Btw, @ 7: as an African American man, I can assure you that men like me don’t “control society.” Of course, this is not to deny that I/we, like other men generally, are “homework avoiders.”

32

ogmb 08.08.08 at 12:53 pm

And of course one should add the obvious: opinions should not be confused with facts. Certainly not when it concerns such ideology-sensitive issues as gender inequality.

I also see no evidence in the press blurb that the researchers did that.

33

A-ro 08.08.08 at 1:11 pm

I wonder if we’re stuck with women in the “traditional” childcare role because of path dependance. Here’s my logic (which applies only to heterosexual couples with children)*:

1) Breastfeeding is a little better for kids than bottle feeding, and women have the breasts.

2) Bottle feeding can be done, but there are barriers (for formula, health is the barrier, for pumped breast milk, hassle). Not insurmountable barriers, but enough to get more people to choose breastfeeding.

3) After the time when breastfeeding ends, the parents are on apparently equal footing in terms of their availability to stay at home with the kids. Nevertheless, one of them (the breastfeeding mother) has just taken some time with reduced or no work outside the home. This places another barrier to women working, because many families will make more money if the man is the outside-the-home worker.

4) These barriers will naturally make egalitarian couples at least a little more likely to have the woman stay at home. But this skew toward women at home, if large enough, is self-reinforcing because now women at home seems more “normal,” which, sadly, matters to a lot of human beings.

In conclusion: the egalitarian ideal of 50/50 stay-at-home responsibility is unlikely to be achieved because of breasts (the cause of, and solution to, all of our problems).

* I can’t be the first person to have thought of this. In fact, I assume someone has thought of this, and someone else has already destroyed this line of reasoning somehow. Please let me know how this plays out!

34

Ingrid Robeyns 08.08.08 at 1:33 pm

ogmb: you are interpreting my post in a weird way, and in any case you are attributing to me intentions which I did not have and do not have. Period.
Regarding #32, same thing: I did not suggest, nor did I intend to suggest, that the researchers said so or even thought so: it is just a remark from me that I think is useful to keep in mind when reading such a press release. That’s all – and writing these kinds of remarks is what bloggers do.

35

eszter 08.08.08 at 1:38 pm

Ingrid, interesting choice of post heading, was it purposeful that you didn’t include anything about “people think that” in there? That is, were you purposefully trying to play up the particular approach of the study?

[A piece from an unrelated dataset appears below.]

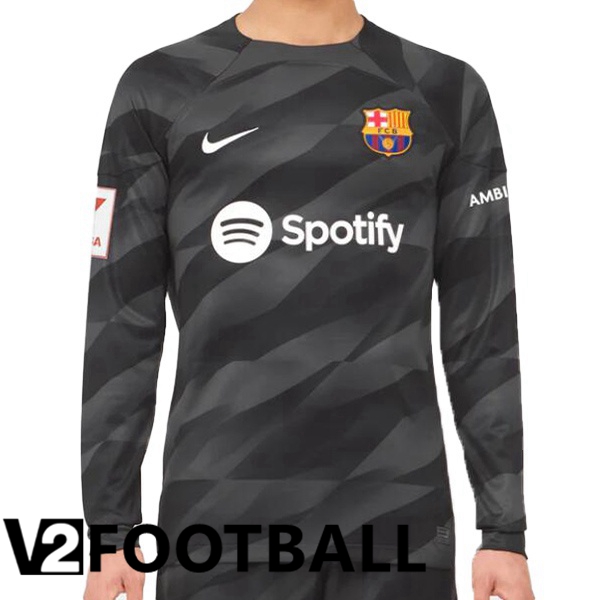 FC Barcelona Goalkeeper Soccer Shirt Long Sleeve Black 2023/2024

A lot of women as well as men play into the stereotypes that men should be the ones out their earning money while women should be the ones taking care of the kids at home. That doesn’t make it the right way, it just means that in that particular environment both policies and social norms encourage that setup.

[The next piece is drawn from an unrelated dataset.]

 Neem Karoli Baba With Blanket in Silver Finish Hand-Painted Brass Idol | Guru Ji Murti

How much work has been done on issues of this sort among homosexual couples? I’ve always thought that would be an interesting comparison.

36

Ingrid Robeyns 08.08.08 at 1:43 pm

A-ro: I agree that breastfeeding plays a causal role, as does child birth and birthleave; but there are many other factors that also play a role and that are men-made, not nature-made (the effects of prejudice and the interplay with social norms @ #1 – for a good book that summarised the ‘hard evidence’ from social and cognitive psyhology, see Virginia Valian’s Why so Slow?,.). Preferences are a very tricky causal factor to deal with, since it truly is unclear to what extent the distribution of preferences between men and women in a just society would be different; we know there is quite some preference formation that is, again, men-made, but it seems plausible that some of it isn’t. From evidence from our current societes, which are deeply gendered, we simply can’t know deduce how these distributions would be. So my view on all this is that a truly 50/50 division of all work (market/paid vs. non-market/unpaid) will unlikely ever be the case. But in a just society, the gap would be much, much smaller than what we currently have.

37

Ingrid Robeyns 08.08.08 at 1:48 pm

Eszter, of course the title refers to “people think that…” but I simply wrote the shorter title (yesterday, in a hurry) and didn’t look back at it.

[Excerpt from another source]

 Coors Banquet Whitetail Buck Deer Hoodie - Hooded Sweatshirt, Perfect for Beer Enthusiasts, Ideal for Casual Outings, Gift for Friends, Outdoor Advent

Clearly, anybody who has read my posts in the past knows that I myself wholeheartedly disagree with this statement in general, and only would think this statement could be true under certain circumstances, such as two parents who are both working very long and inflexible hours, and are not mentally present when at home, etc. etc.

As for lesbian couples — I read some research some years back, and lesbians are more egalitarian in their household division of labour. I haven’t read any studies about their opinions, though.

38

aaron_m 08.08.08 at 2:02 pm

A-ro ,

I think the breast pump is a hassle argument is a bit exaggerated (especially after six months given data about the decrease in breast feeding after this point), but let us say it has a significant impact. What percentage does it explain given a formally egalitarian parental leave context from which to operate, like say Sweden. My guess is that physical barriers are not going to explain very much of the 80/20 split for the 13+ months of parental leave .

39

ogmb 08.08.08 at 2:14 pm

Ingrid, if your goal was to clarify that research into attitudes is different from research into facts, what exactly is the second paragraph about? Clearly a finding of “a majority of Americans think evolution is bogus” is different from “evolution is bogus”, but no refinement of survey questions will ever get you from the first to the second.

40

lemuel pitkin 08.08.08 at 2:19 pm

IN countries where men have equal entitlements to women for parental leave (like in the NL) it is still women who overwhelmingly take it.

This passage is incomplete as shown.